My Experience of Aortic Valve Replacement – 1 Week

I have successfully just had my Aortic Valve Replaced with a metal alternative. I’m just going to briefly go through my entire experience. I aim for this to be comforting to those who are looking at similiar surgery in the future.

The important thing to remember is a high success rate, its 95% overall an 99% in young people. Very reassuring for me at 20 years of age. Mind over Matter.

I was diagnosed with an issue after going to the Doctors with Chest Pains. In order to discover the problem a number of Scans were performed including ECG’s, X-Rays, Ultrasound, MRI and one other (I’ve forgotten the name) its where they put a camera down your throat. It was the least pleasant.

After having all these scans and several discussions amongst Doctors/Surgeons they agreed that the best route of action was the Operation which was extremely nerve racking for me. I was given the choice of either a tissue or metal valve.

The tissue valve came from a pig, would allow me to lead a more ‘normal’ lifestyle but was limited to a short life span before I would have to have the operation again. Usually in an older person 10 – 15 years. In someone of 20 years old it would wear extra quickly so only about 5 years. This to me was extremely off putting. The last thing I needed to be worrying about for the next 5 years is “when am I going to need this again?”. Lets face it we all hate operations.

The metal valve should last a lifetime (touch wood) but requires a reasonably careful diet, absolutely no cranberry or grapefruit and a limited amount of alcohol ( 1 – 4 unit per day ). This is because I now have to take warfarin for the rest of my life and keep it at a steady level. Not to thin and not to thick. Other effects will be more bleeding if I cut myself and easier bruising.

In my opinion these are all small prices to pay as an alternative to having the operation again in just five years. In the UK you may or may not be given the choice, I was, because of my age.

During the operation they cut through the centre of your chest and break your sternum bone which is situated between the left and right ribs. You will then be placed on a Heart by Pass machine whilst the old valve is removed, metal one put in. During this procedure I believe your lungs are collapsed.

When everything is in, you will be attached to an external pacemaker, ventilator, up to 3 drains (I only had one) and a catheter. I have to admit the bit that concerned me most about the whole procedure was the catheter.
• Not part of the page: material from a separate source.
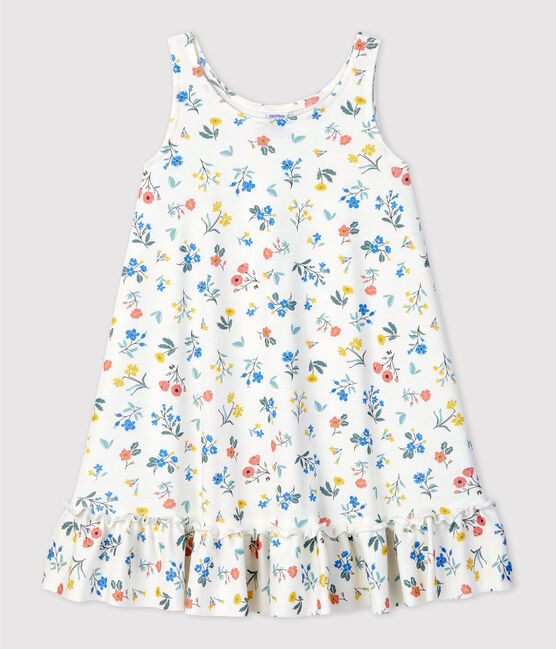 Girls' Sleeveless Cotton Dress MARSHMALLOW white/MULTICO white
It turned out to be probably the most useful / comfortable thing they attach to you. Don’t worry about the drain(s) either, I didn’t even know mine were there until they came to take them out.

I came around about four hours after the operation, even though I was told at least twelve hours and able to sit in a chair the following day. Over the next four days all the wires, drains and catheter were all removed. I was made to do short walks, stair cases and breathing exercises. They won’t let you home until they feel your able to safely walk up and down stairs etc. But if your young it shouldn’t take very long.

I’m now one week after, I’m still suffering with pain, coughing , tiredness all the things that come after an operation however I am very excited about the new lease of life this is going to give me. Bring back the days when I can spend all night on the computer, stay up with friends, etc.

My advice is have plenty to do before the operation to keep your mind off it, saying don’t worry is silly we all worry. Just keep occupied.

I would like to thank my surgeon Mr M Dalrymple-Hay PhD FECTS FRC (CTh), his team and the ICU (Intensive Care) staff. These people are all remarkable. Thank you.

 

 

"Not everything that can be counted counts, and not everything that counts can be counted."